Palmetto is expected to rule on gastrointestinal syndromic panels soon. The prior draft LCD had proposed coverage for multiplex tests limited to the five common food-borne bacterial pathogens — Salmonella, Campylobacter, Shigella, Cryptosporidium, and Shiga toxin-producing E. coli — excluding tests for viruses because of a lack of virus-specific therapies.
Brian Weinstein at William Blair said in a research note that, should this policy be adopted broadly by other Medicare contractors and private payors, there is a case to be made that "in addition to outpatient use being curbed, it could lead to less assay use even in the hospital setting as perception of the tests could change."
Doug Schenkel, an analyst at Cowen, echoed the sentiment, saying that, "while this LCD doesn't directly apply to inpatient testing, it's possible it does alter customer behavior more broadly than just Palmetto outpatient testing."
Blair's Weinstein also pointed out that the LCD will become effective in the middle of the respiratory virus season in North America.
"Still, at this time, we do not think this is a thesis maker or a thesis breaker for any of the multiplex syndromic panel testing participants," Weinstein said, given that around 70 to 80 percent of respiratory virus panels are done on an inpatient basis, "where reimbursement changes are not relevant and in most of these cases the broader panels are clinically needed."

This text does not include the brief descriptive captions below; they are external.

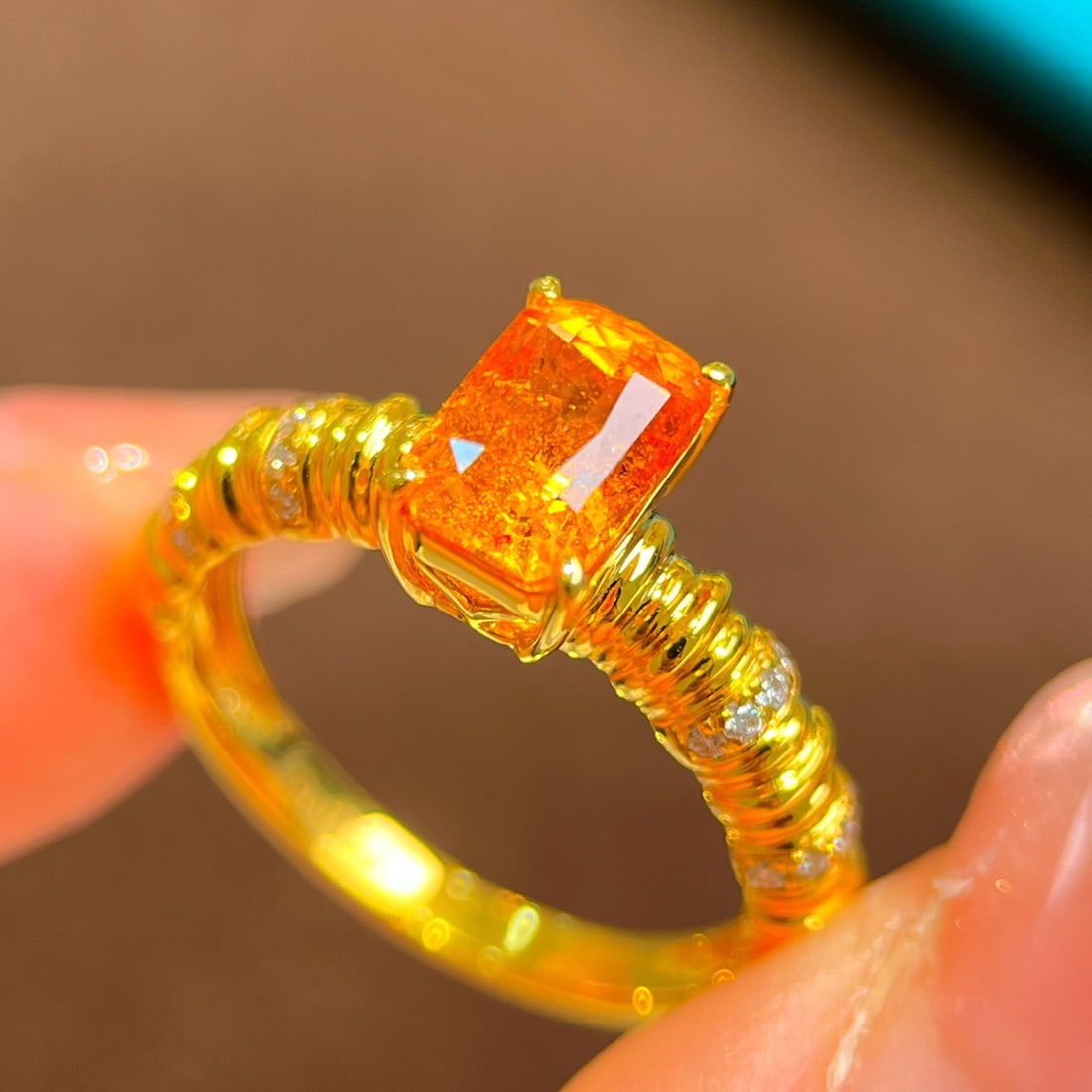 14K GOLD 2.13 CTW NATURAL PARTSCHINITE and DIAMOND RING - 3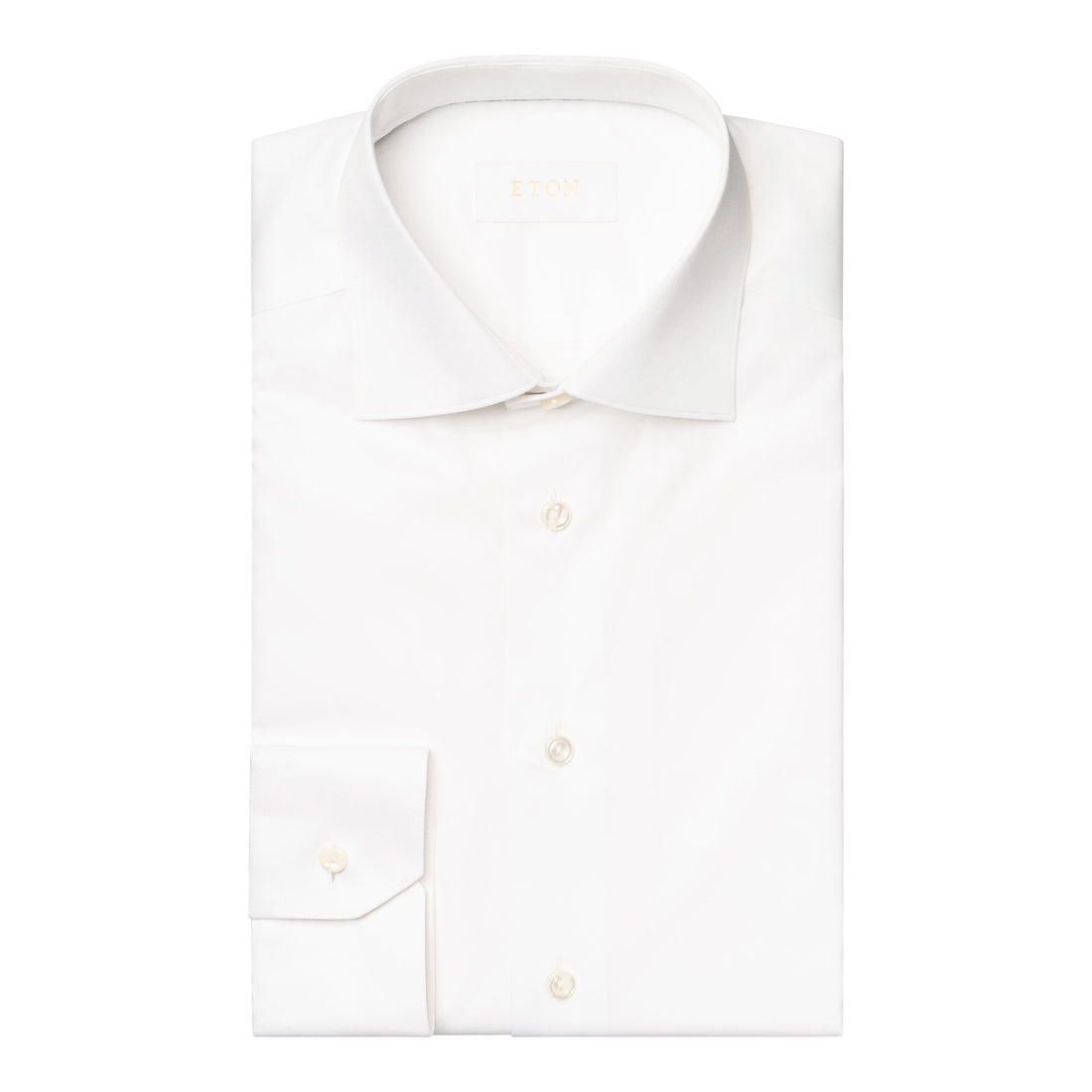 White Solid Elevated Twill Contemporary Fit Shirt - ETON
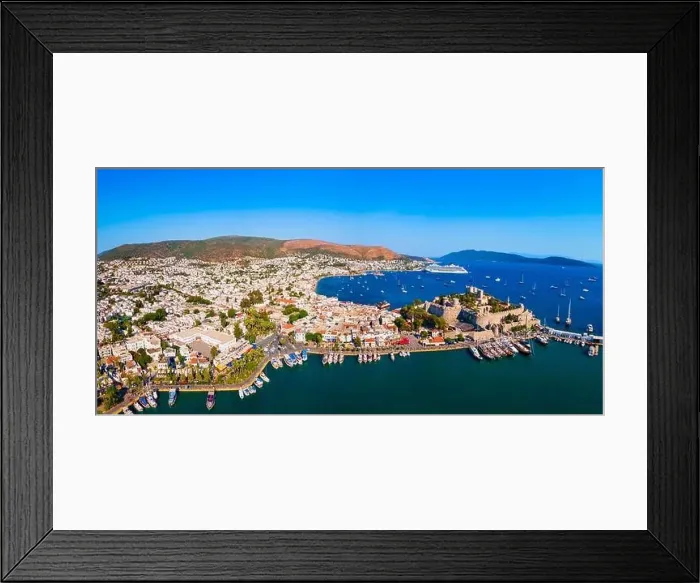 Framed Print : Bodrum city beach and marina aerial panoramic view. Bodrum is a city in Mugla Province, Turkey Framed Print : Bodrum city beach and marina aerial panoramic view. Bodrum is a city in Mugla Province, Turkey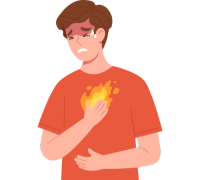 A boy having an heartburn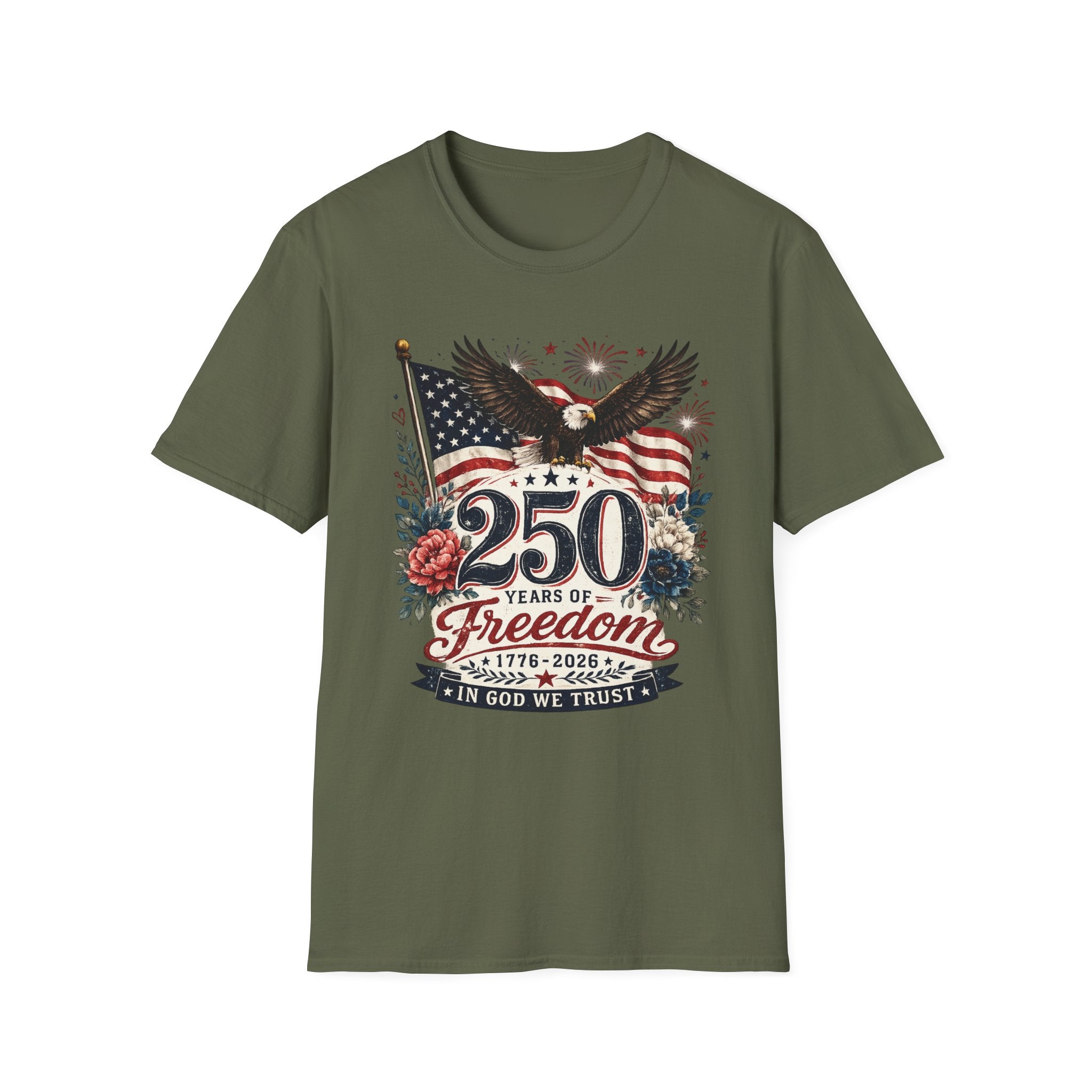 250 Years of Freedom T-Shirt — Patriotic American Eagle & Flag Tee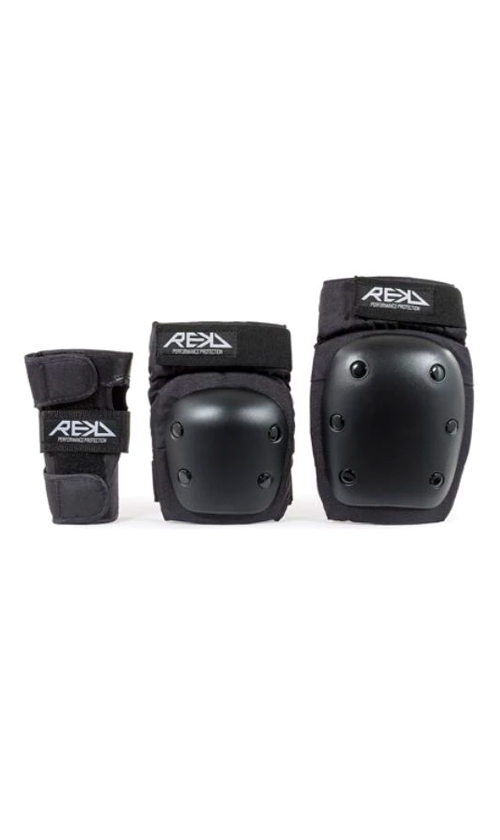 REKD Heavy Duty Youth Protective Pad Set - Black - Knee & Elbow Pads for Kids - Skateboarding, Cycling, Roller Skating Safety Gear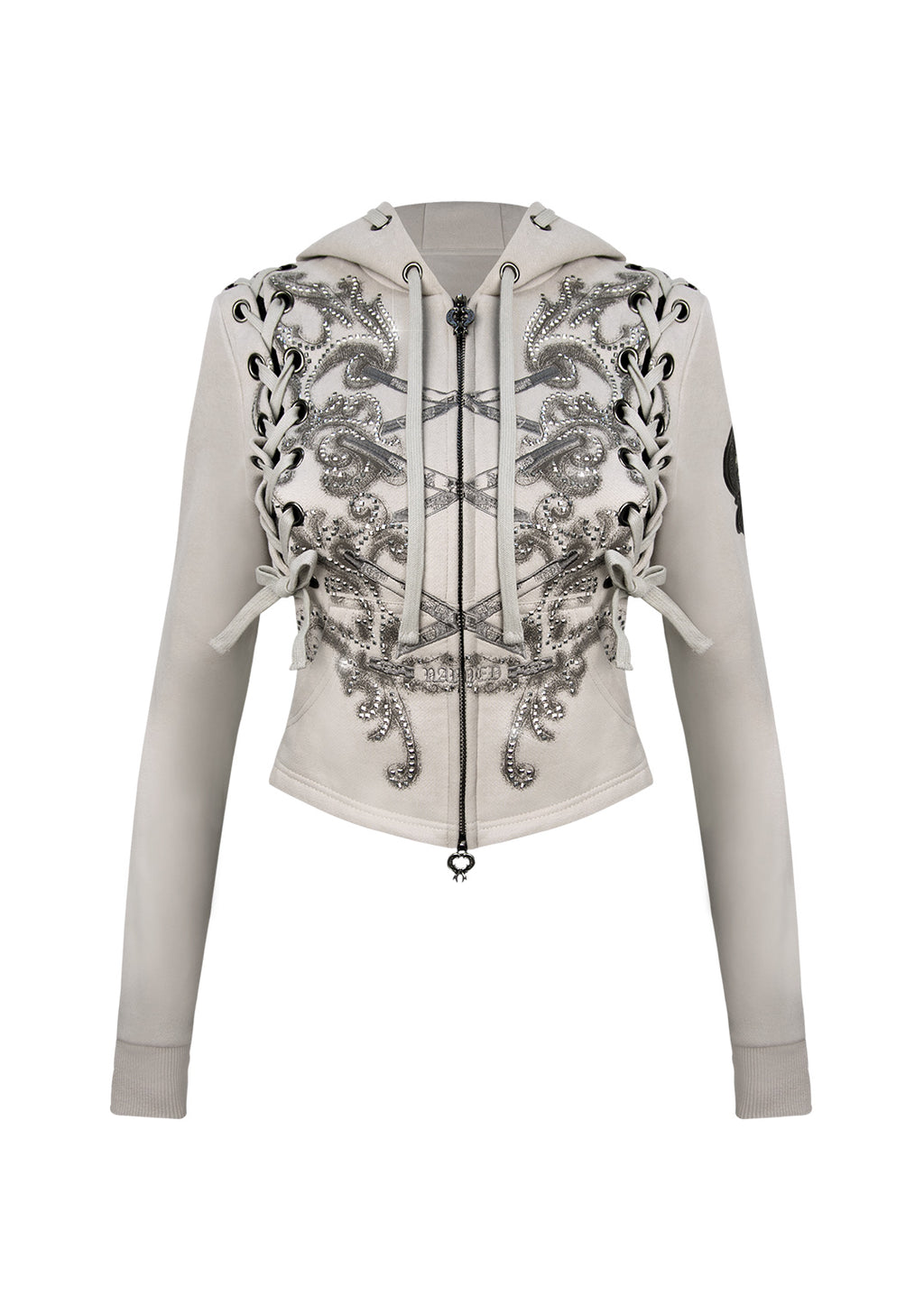 Vendetta Lace Up Fitted Zip Hoodie Bone – NAMED COLLECTIVE®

William Quirk at Piper Jaffray said the LCD could trim upwards of €13million ($15.1 million) in revenue for BioMérieux, and approximately €16M-€17M with GI as well. It could also trim around $3.5M for Luminex, adding on another $2 million with an unfavorable GI decision.
Weinstein, meanwhile, highlighted a potential upside to makers offering smaller panels or those that could easily adapt, such as Quidel, GenMark, Luminex, Hologic, and Qiagen. Likewise, Quirk called out makers of low-plex tests — Quidel and Hologic, as well as BD and Meridian — that "could incrementally gain market share following this decision, which could rise if private payors follow Medicare's lead and change their medical policy."